Bazely folded his arms coldly.
‘So. Stores complete, we sail two days hence.’
‘Orders?’ Bazely was pointedly requesting written orders covering eventualities such as falling in with the enemy, rendezvous in stress of weather and the like. Kydd nodded an agreement: he’d get them, even if Dillon would be working long nights again.
There was desultory discussion over charts, pilots, watering and other matters, but each officer found reasons not to accept an invitation to dinner.
As they stood to go, Kydd said quietly, ‘Ah, Commander Bazely, a word with you before you leave?’
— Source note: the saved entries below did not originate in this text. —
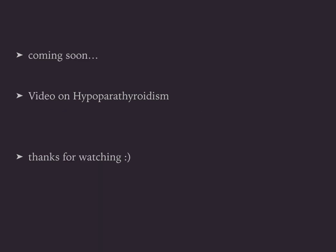Thanks for watching my video. I'm going to have a video on hypoparathyroidism coming up soon. Please subscribe.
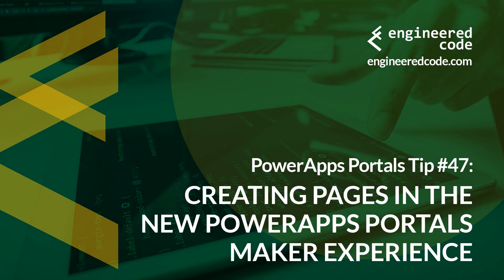Hello everyone and welcome to PowerApps Portals Tips. My name is Nicholas Hadouk and this is tip number 47, Creating pages in the new PowerApps Portals Maker experience.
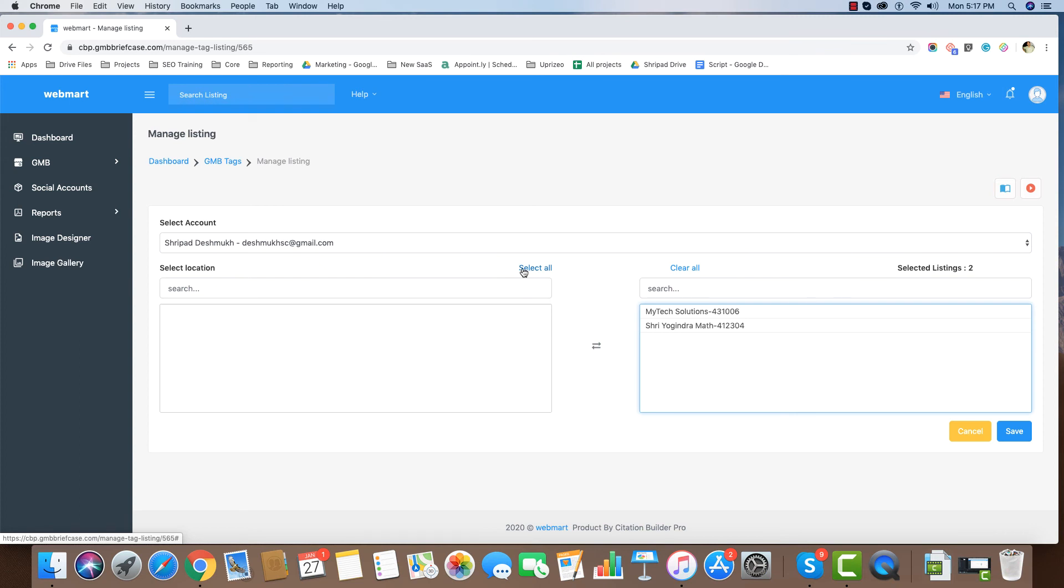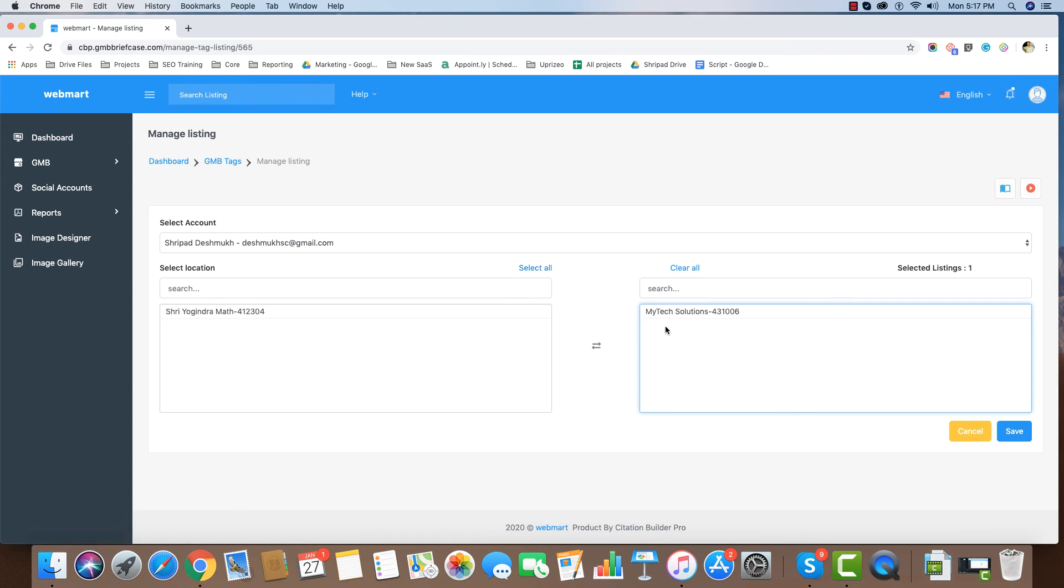If we want to remove listing, simply click Listing Name and click on Save button.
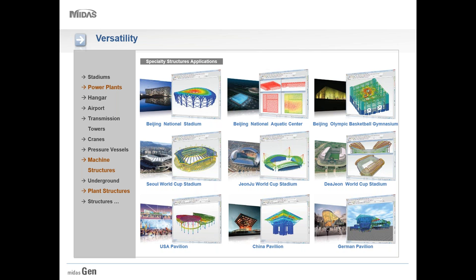Numerous special and unique functions and wizards in Midas Gen help reduce modeling time tremendously. Any kind of complex structures like the Beijing National Stadium, the Beijing National Aquatic Center, and the German Pavilion can be modeled. Any types of stadiums, power plants, general buildings, airports, machine structures, and plant structures or underground structures can be modeled and designed in Midas Gen.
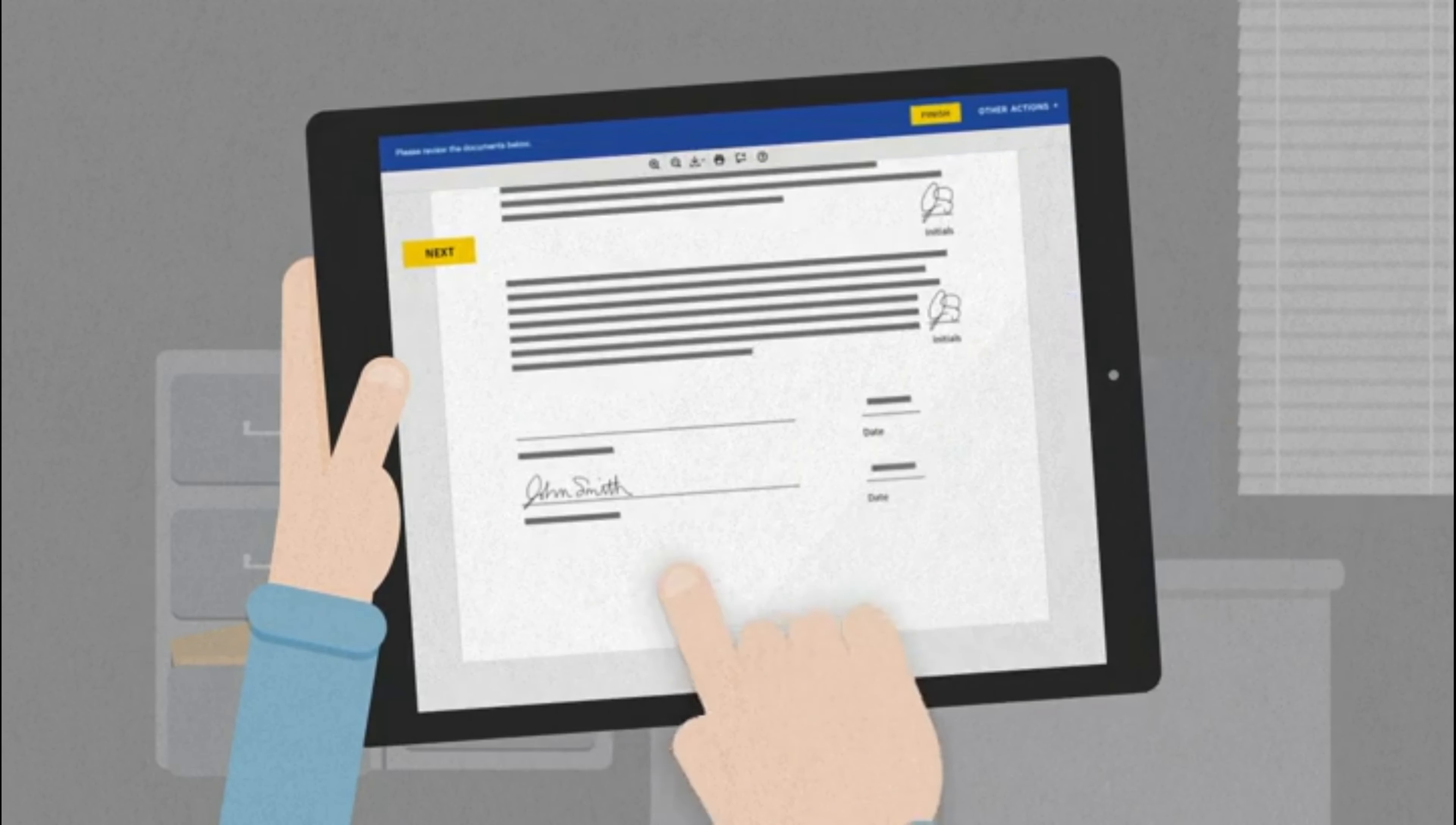All that's left to do is click Finish. You're all set. Your agent will receive your completed application. You can also download or print a copy for your records.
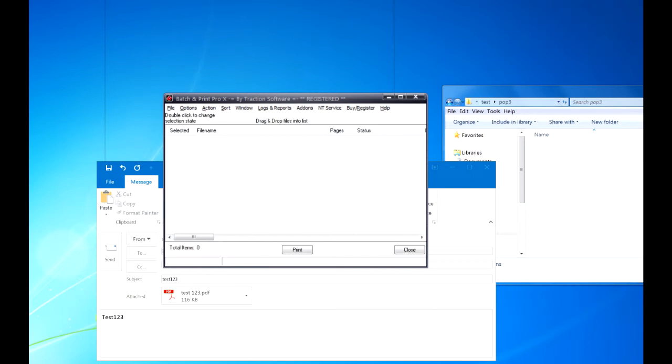Hi, how to do POP3 email monitoring in Batch Plot and Print Pro. This will monitor a POP3 email box, it will download the email and then it will print out any attachments and also the message body if you require it.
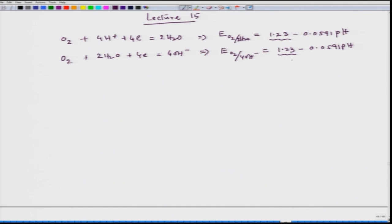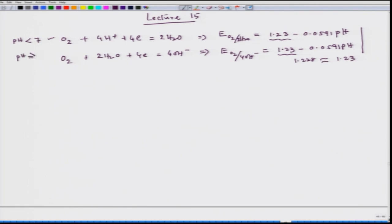The value we obtained was 1.228, so we write it as 1.23. The first reaction occurs when pH < 7 (acidic medium, involving hydrogen ion) and the second reaction occurs when pH ≥ 7 (neutral or basic medium, involving water). The second reaction produces OH⁻, increasing the basicity of the solution.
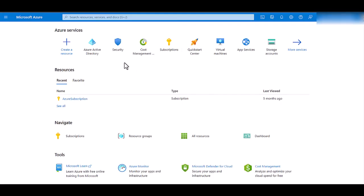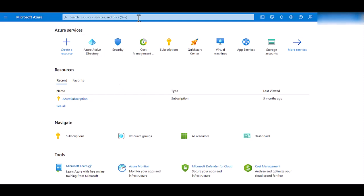To access security defaults within the Azure portal, you first want to log in with your credentials and look for Azure Active Directory, or you can search for it.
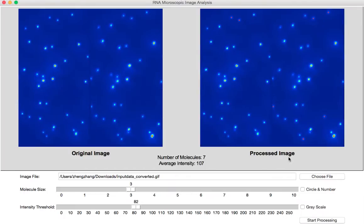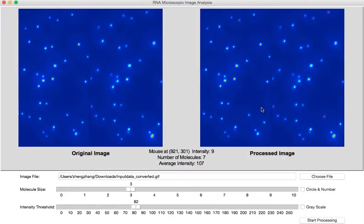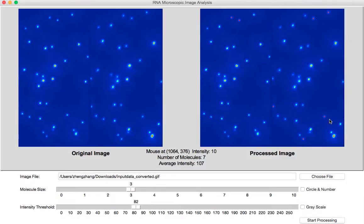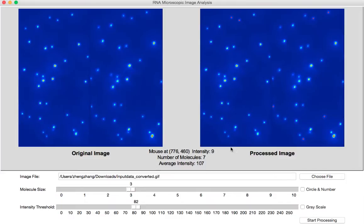Here you go. Now we can see there are some spots on the processed image being highlighted. Those are the spots that we want, the single RNA molecules. In total, there are 7 RNA molecules and their average intensity is 107.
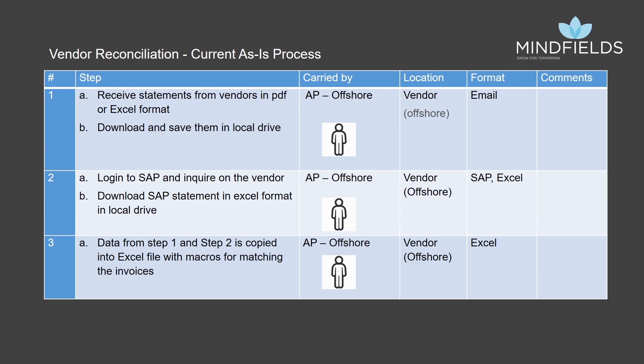The offshore resource then logs into SAP and queries on the vendor, extracts all the outstanding invoices against the vendor in a temporary Excel, and copies the necessary data to the macro-based Excel.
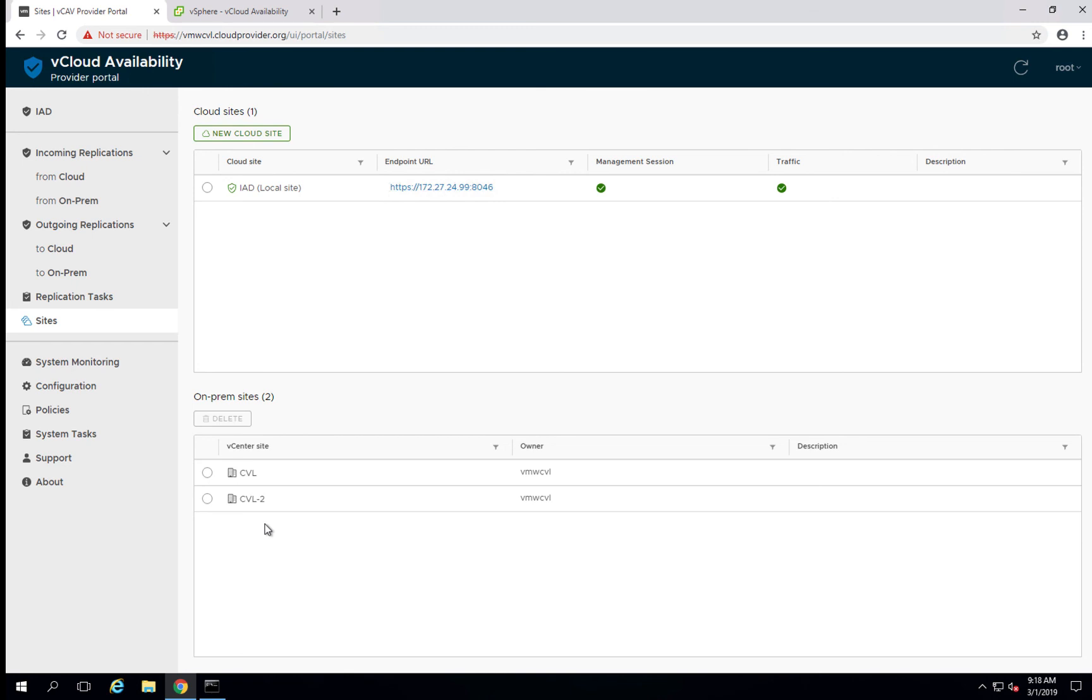So that is all it takes to be able to pair an on-prem appliance with your cloud provider. For additional videos and resources in terms of how to now start using it in terms of configuring replications, please check out the documentation or some additional videos.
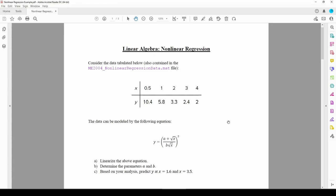In this video, we'll curve fit some nonlinear data. We have a collection of data points contained in the ME2004_nonlinear_regression_data.mat file. A link to the map file can be found in the video description.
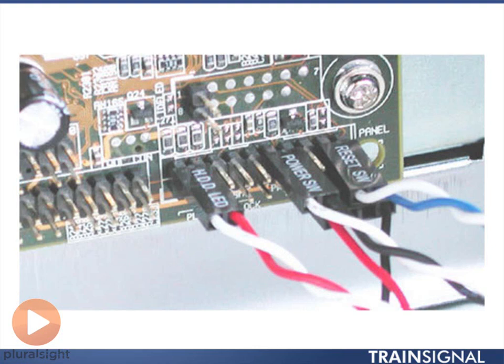Another one that we have here is the power switch, power SW. So on this case, you have a button and you push that button, it turns the computer on. That's how it knows to turn the computer on. You push the button, it sends a signal to that particular set of pins, and the motherboard knows it's time to turn on.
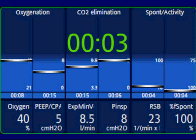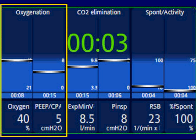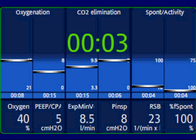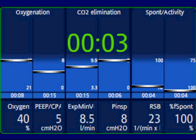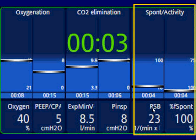The vent status displays the patient's ventilatory status. It allows for six parameters and these can be customized by the operator. It's broken up into sections: oxygenation — where you can see oxygen and PEEP; CO2 elimination — comprised of expiratory minute ventilation and peak inspiratory pressure; and spontaneous activity. There's also a light blue area that represents the weaning zone, and the user can configure this.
After Garland had closed the door behind him, Kydd opened, ‘Edmund, I’m at a loss to account for your bearing towards me. I’d reckoned you a friend. Are you offended in some way?’
Bazely’s eyes glowed but he did not respond.
‘Is it something you’ve heard, a false-’
‘I’ve nothing to add t’ what I said when we last parted.’
‘About my exchanging the sea for the high life ashore? If that’s all it is, then I can tell you-’
‘Anything more … sir?’
It wounded Kydd. There were few enough friends left from his younger days and Bazely’s usual colourful banter had always brought a smile. Now they were working professionally together for the first time and it had to be like this.
‘No, I won’t detain you any further,’ Kydd replied, saddened that his good fortune and rise in society had triggered resentment and surliness unworthy of the man he’d known.